Whetstone Gulf SP - Powdery Goodness Early On In The Hike

Whetstone Gulf SP - Powdery Goodness Early On In The Hike

 

All that fresh powder would prove to be my biggest challenge on this hike. As I got further along the south rim of the gorge—The last time I did this hike I went out the north rim trail and came back the south rim trial; I planned to do the opposite on this trip so I would get to the confusing trail junction where I got lost last time with plenty of daylight—the powder got deeper. I had been on the trail about an hour when I got to my confusing trail junction. In the daylight I could see that the signs sorta pointed in the right direction but only coming from this direction. If you were coming from the opposite direction (like I did on my previous hike) the trail signs would easily point you the wrong way.

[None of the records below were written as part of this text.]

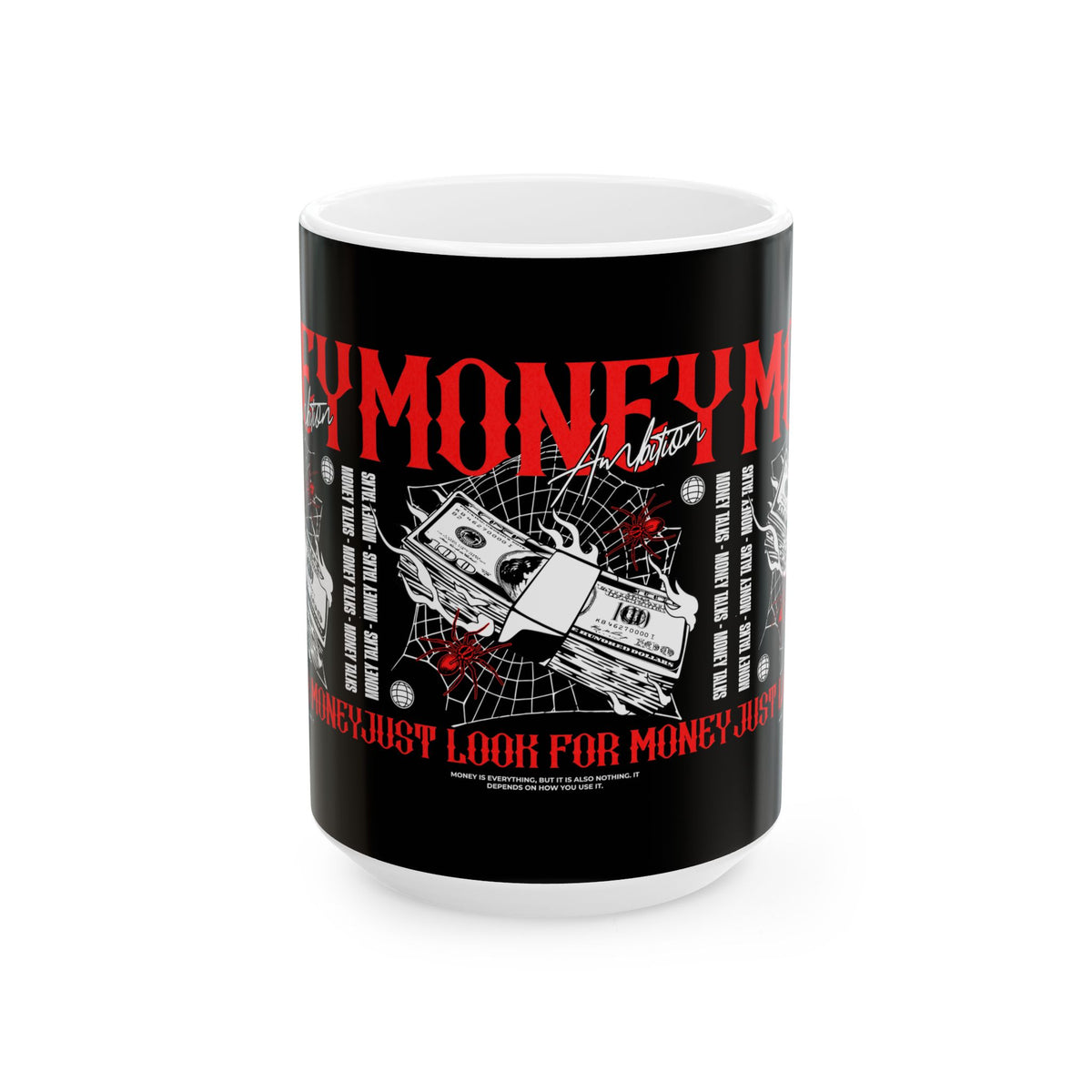Money Motivation Hustler Mindset Graphic Print Ceramic Coffee Mug Success Ambition Entrepreneur Lifestyle Cup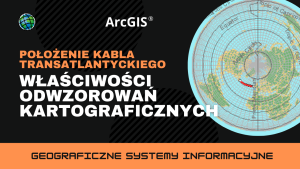 Położenie kabla transatlantyckiego. Właściwości odwzorowań kartograficznych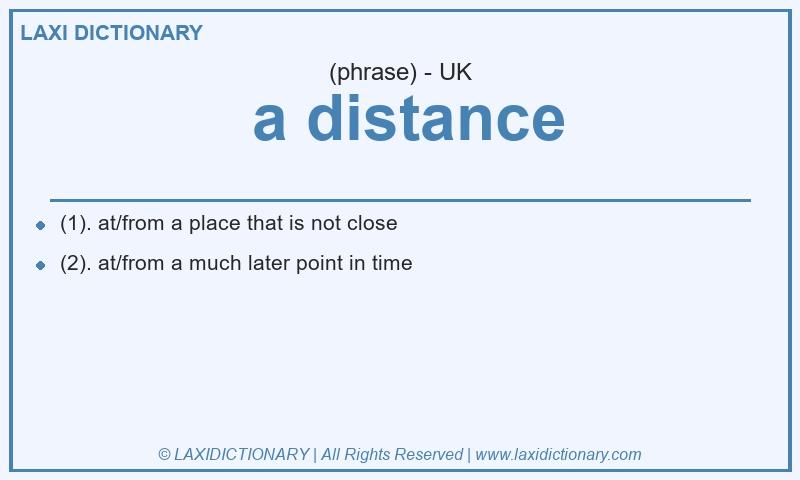 Definition a distance in British English
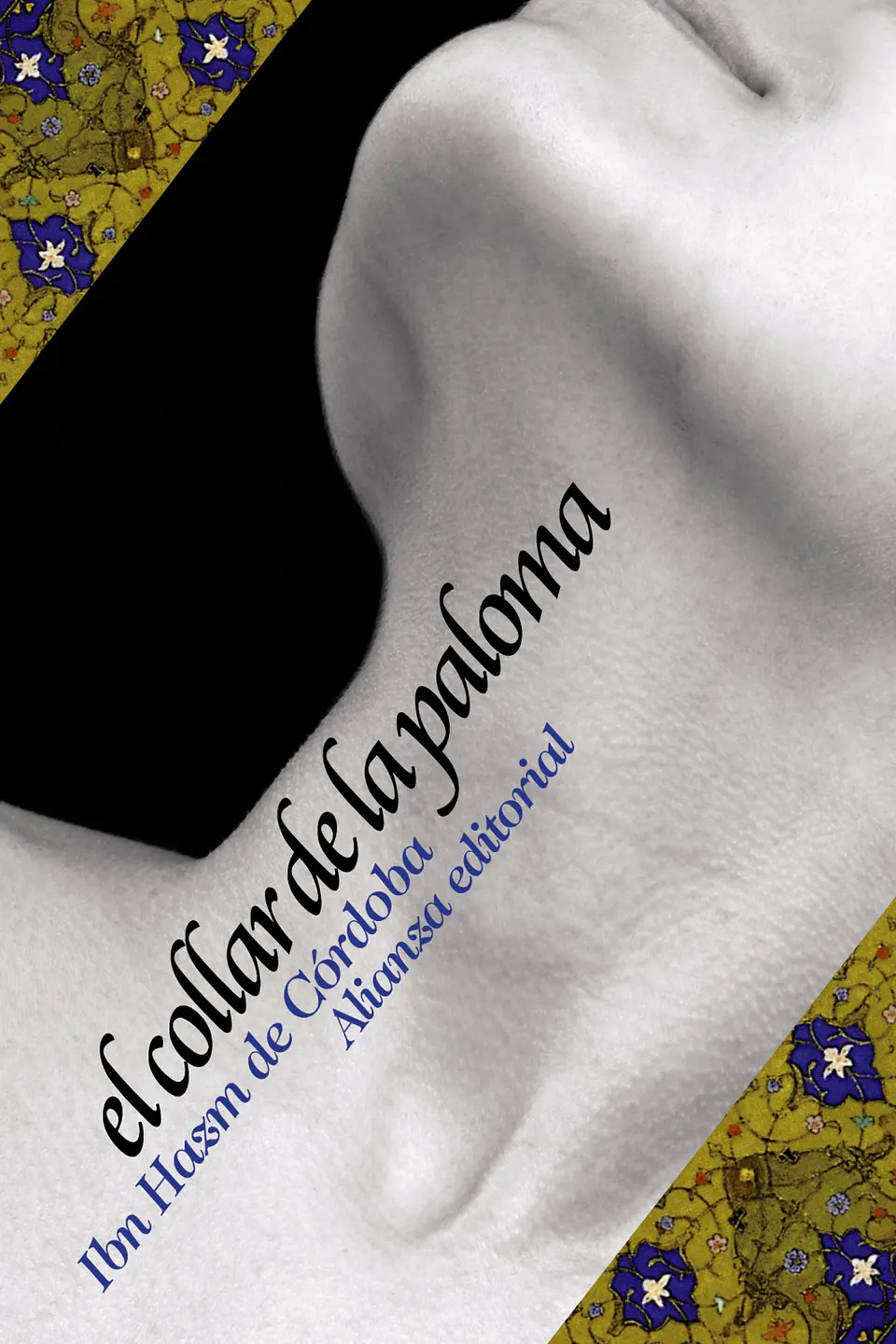 Ibn Hazm de Córdoba - El collar de la paloma 1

I turned the correct way I needed to go and kept to the rim of the gorge whenever possible. I was now breaking trail through a consistent 15 inches of powdery snow. It was fun and the slow going forced me to stop every so often to sip some water and catch my breath. (While it wasn’t in the single digits like my last snowshoeing adventure at this park—making it painful for me to breathe—it was in lows 20s, dropping into the upper 10s as the day progressed.) I focused on the trail and found it becoming more precarious as headed along it to the western end of the gorge.

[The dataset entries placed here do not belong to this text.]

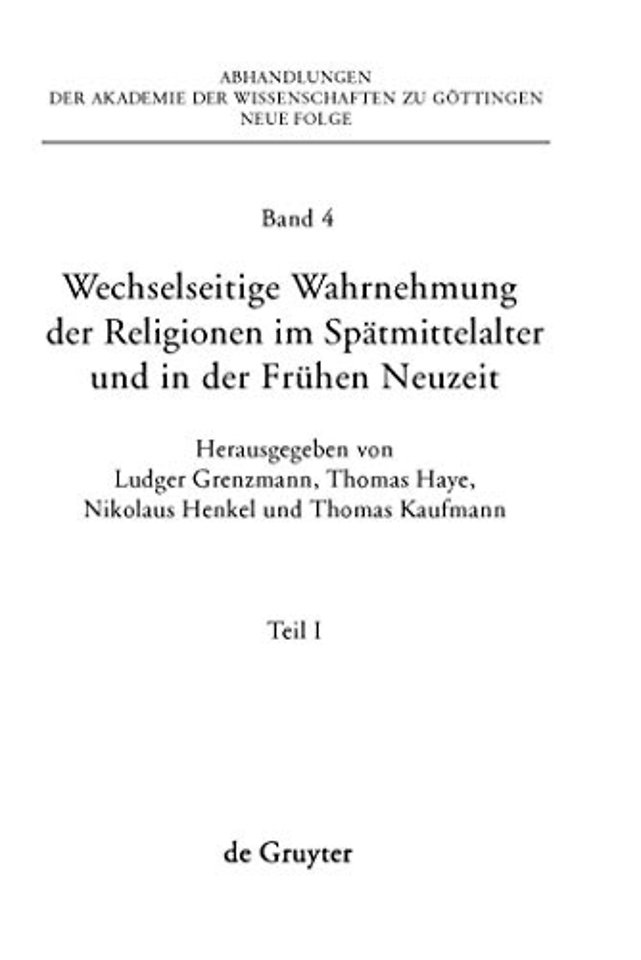 Wechselseitige Wahrnehmung der Religionen im Spä – I. Konzeptionelle Grundfragen und Fallstudien (Heiden, Barbaren, Juden)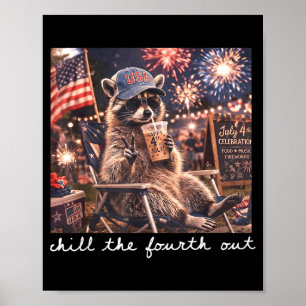 Chill The Fourth Out Racoon Funny 4th Of July Poster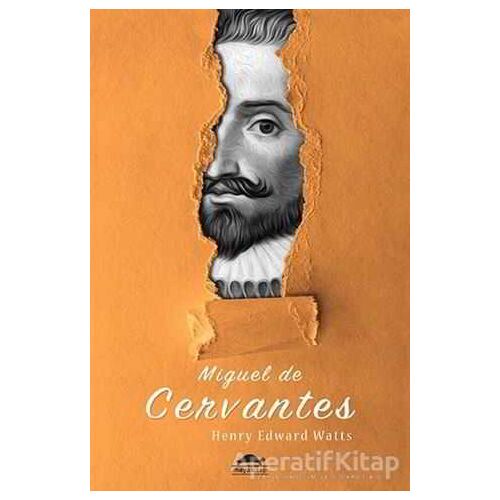 Miguel de Cervantesin Hayatı - Henry Edward Watts - Maya Kitap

On this trail the wind blows in from the west/northwest. I could see how the wind had been sculpting the snow on the edge of the gorge and the result was sloping drifts running down towards the edge of the gorge. If you have ever been on snowshoes you know they can and do slide on snow, especially on uneven slopes. I found myself sliding a few times on the rim trail (although I never got closer than 2 or 3 feet to the edge of the gorge) and decided I would stay away from the edge even if that meant going through the deeper snow drifts piled up by the west/ northwesterly winds. So, that is exactly what I did. I kept myself within 10-20 feet of the edge of the gorge but choosing a path that was flatter and required less ducking under snow-burdened tree branches.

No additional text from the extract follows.